Meralco Also Adjusting Power Charges

Manila Bulletin
By MYRNA M. VELASCO
March 31, 2012, 4:07am


Manila, Philippines - Apart from the nationwide increases in the generation charges of the National Power Corporation (NPC), power utility firm Manila Electric Company (Meralco) announced that it will also be increasing its charges by up to P0.0476 per kilowatt hour (kWh) for its local franchise tax recoveries.


The total franchise taxes to be recovered by Meralco from customers would be P1.58 billion, which it paid to various provinces and cities within its franchise area.


These include the provinces of Bulacan, Batangas, Cavite, Laguna and Rizal; while the cities are San Jose del Monte, Batangas, San Pablo, Tagaytay, Lucena, Mandaluyong, Marikina, Quezon, Caloocan, Pasay, Las PiƱas, Manila, Calamba and Pasig.


Based on the ruling of the Energy Regulatory Commission, the amount to be recouped by Meralco will range from P0.0007 to P0.0476 per kWh.


"This recovery, which covers the years 1994-2004, will only be reflected in the customers’ bills starting this May," the utility firm has noted in a press statement.

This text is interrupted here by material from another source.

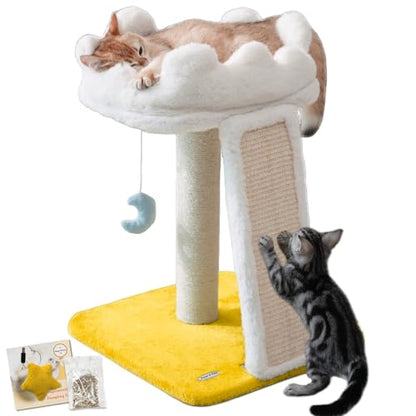 Happi N Pets Cat Tree, Cloud Cat Tower with Soft Bed, Cat Scratching Post & Pad with Larger Perch for Window Viewing, Small Cat Tree with Cute Toys, Bonus Catnip - size: 22" with Scratching Pad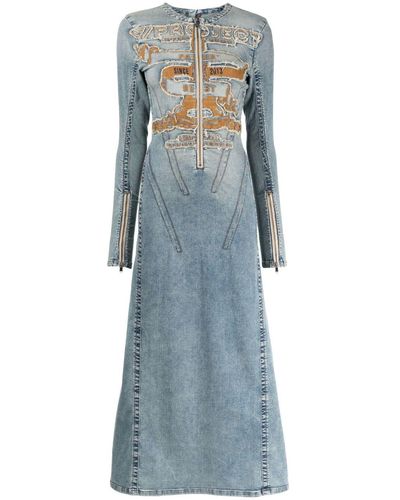 Y. Project Logo-embroidered Denim Maxi Dress - Blue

Meralco qualified that "the decision came after several years of regulatory evaluation and the conduct of hearings beginning December 10, 2001, when the company asked the regulator for authority to adopt a local franchise tax adjustment clause."


It added that "the decision covers local franchise tax payments by Meralco to LGUs from as early as 1993." The ERC has emphasized that local franchise taxes "are legitimate expenses, which the law allows to be recovered from the customers."


On the hike in NPC’s rates, Meralco underscored that the P0.69 per kWh for Luzon will be "diluted" in the final pass-on rate to its customers.


"Meralco customers will not feel the full impact of the adjustment," Meralco utility economics head Lawrence Fernandez said.


He further explained that "the NPC increase will be diluted to only about P0.28 per kWh for Meralco residential customers" since the distribution utility sources just about 40-percent of its supply from NPC.


Fernandez similarly noted that when Meralco’s bilateral power supply contracts with the private generators will already be approved by the ERC, the pass-on impact of the NPC rate adjustments would be eased further.


"Until the new bilateral contracts are approved by the ERC, the TSCs (transition supply contracts) assigned to them were extended, so the ERC-approved NPC rate will apply in the meantime," Fernandez said.


The cost mitigating effect of the NPC adjustments, he expounded, is partly due to Meralco’s strategy of diversifying its power supply procurement.


"Meralco sources its power requirements from several generators, with NPC being one of them," Fernandez noted, adding that the company tries to "come up with strategies to obtain the right mix of power from these different sources that will result in the most reliable and reasonably-priced power for our customers."